BooksAround:
Literarischer Städteguide fürs iPhone

BooksAround ist eine kostenlose iOS-App, mit der man in Städten auf literarische Entdeckungstour gehen kann. Eine nette Idee, die jedoch die Frage aufwirft, warum Android-Nutzer außen vorbleiben.

Wer viele Bücher liest, stößt häufiger auf Schilderungen und Handlungen, die sich an Orten in der eigenen Stadt abspielen, oder weiß bei einer Städtereise schon vorab ungefähr, welche Plätze besucht werden müssen, weil diese in einem jüngst verschlungenen Roman eine wichtige Rolle spielten.

BooksAround ist eine neue kostenlose Applikation für iPhone und iPod touch, welche Städte mit einer literarischen Dimension erweitert.
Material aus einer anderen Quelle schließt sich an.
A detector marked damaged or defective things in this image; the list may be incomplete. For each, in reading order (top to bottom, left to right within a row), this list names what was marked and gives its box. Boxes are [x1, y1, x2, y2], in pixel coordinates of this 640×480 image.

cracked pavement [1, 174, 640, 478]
Die nette Idee dieser Anwendung aus dem Hause Bertelsmann: Bücher und darin beschriebene Ereignisse werden mit Orten verbunden und zu einer literarischen Entdeckungstour durch die Stadt kombiniert.

Zum Start ist BooksAround nur für Berlin verfügbar und zeigt auf einer Google-Karte Spots standortabhängig so genannte Spots zu Schauplätzen und Autoren in der Umgebung an – z.B. Orte aus der Handlung oder Schaffens- bzw. Wohnorte der Verfasser.
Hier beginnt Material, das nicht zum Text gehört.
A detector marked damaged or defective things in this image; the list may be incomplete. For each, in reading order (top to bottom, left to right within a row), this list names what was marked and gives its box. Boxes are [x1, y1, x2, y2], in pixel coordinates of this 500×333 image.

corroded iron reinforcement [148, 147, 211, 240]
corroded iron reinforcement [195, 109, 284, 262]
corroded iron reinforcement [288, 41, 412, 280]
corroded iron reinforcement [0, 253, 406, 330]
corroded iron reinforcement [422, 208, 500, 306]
Alternativ kann über die Suchefunktion nachgeschaut werden, welche Literatur sich auf Plätze und Locations in der unmittelbaren Umgebung bezieht. BooksAround nennt als Beispiele die Lieblingskneipe von Herrn Lehmann in Kreuzberg, Lessings Dichter- und Denker-WG oder die Verfolgungsjagd aus “Emil und die Detektive”.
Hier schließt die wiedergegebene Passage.